The options market offers an attractive alternative to the stock market for investors with superior information, according to a an academic research paper that says empirical evidence shows information is reflected in the options market before it is reflected in the stock market, and that it even predicts future stock returns.

The paper, which was written by researchers at Bucknell University, Rutgers University, and Yeshiva University, examines stock and option market reactions to judicial events in the US Supreme Court relating to cases in which at least one party is a publicly traded company. The researchers attempt to determine whether investors in the financial markets can anticipate Supreme Court decisions specifically relating to the corporate world across a wide spectrum of cases. 

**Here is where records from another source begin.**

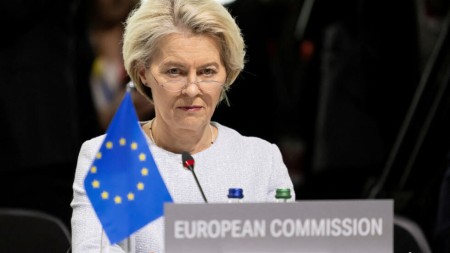 Von der Leyen: Aİ ABŞ-ın rüsum tətbiqinə sərt tədbirlərlə cavab verəcək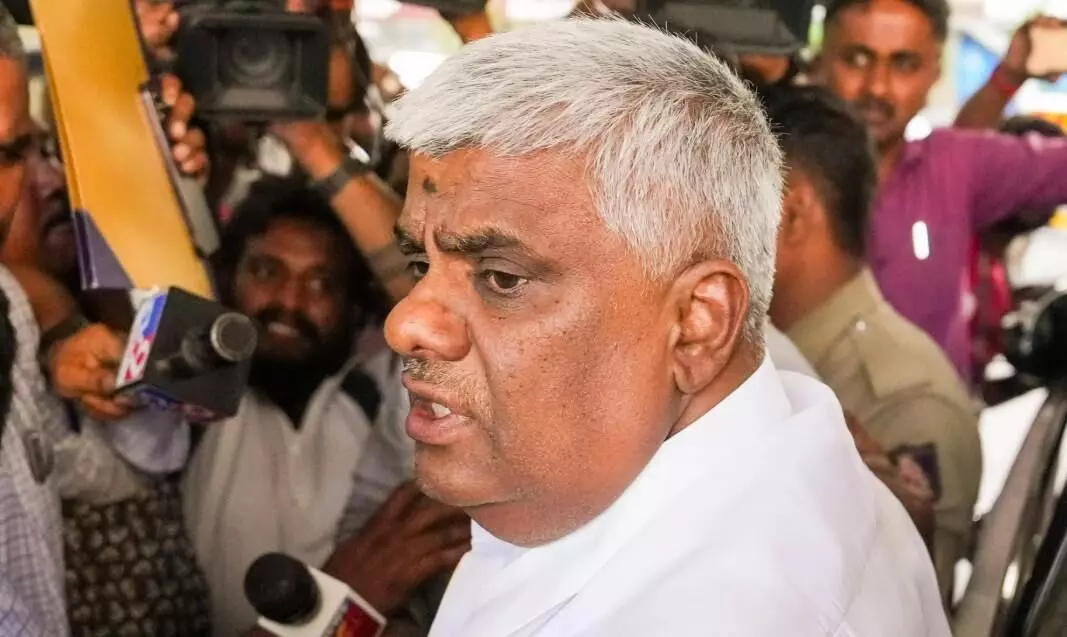 కర్ణాటక: లైంగిక వేధింపుల కేసులో అరెస్ట్ అయిన ఎమ్మెల్యే విడుదల కర్ణాటక: లైంగిక వేధింపుల కేసులో అరెస్ట్ అయిన ఎమ్మెల్యే విడుదల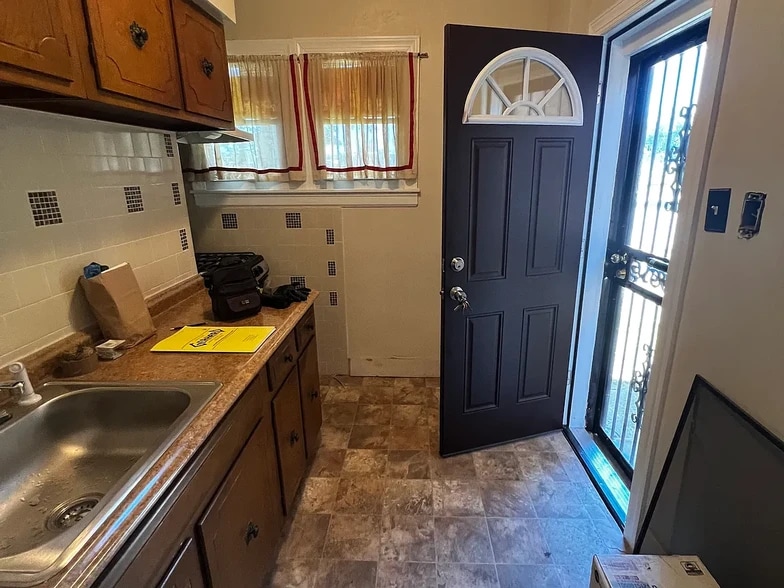 Building Photo - 1636 E Duval St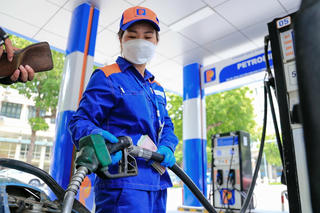 Giá xăng giảm từ 15h hôm nay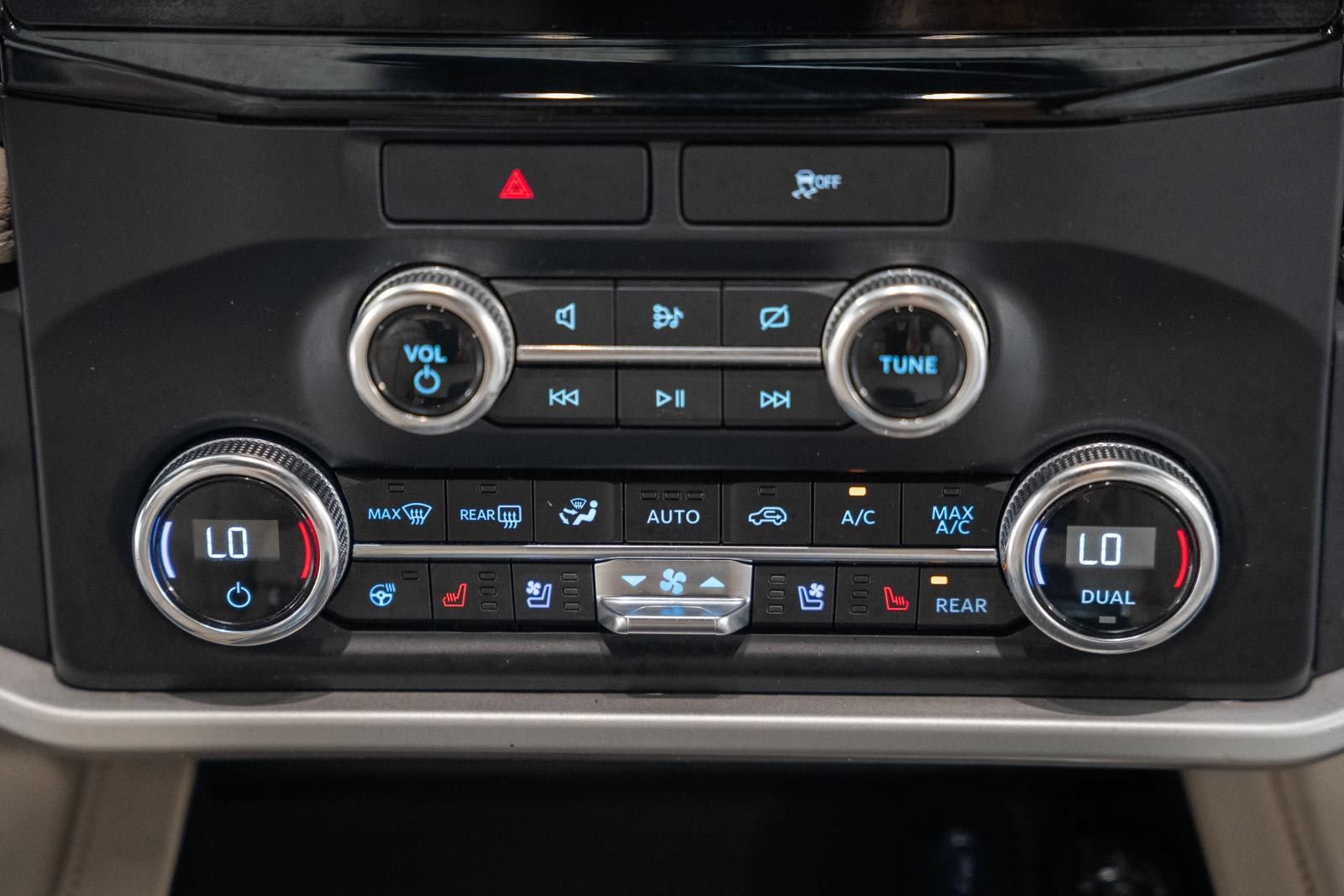 Used 2023 Ford Expedition Max Limited AWD/4WD image 32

The researchers used a dataset of more than 500 Supreme Court cases dating from 1948 to 2018 and found that the stock market reacts to both the granting of a writ of certiorari and to the announcement of a case’s final decision. They said this suggests that the stock market could not anticipate the court’s actions. They also said they found some evidence that the option market anticipates the final decision as early as the date a writ of certiorari is granted, “reinforcing the theory that smart money comes early to the option market.”

A writ of certiorari is a request for the Supreme Court to review a lower court’s ruling. The court said it accepts only approximately 100 to 150 of the more than 7,000 cases it is asked to review each year.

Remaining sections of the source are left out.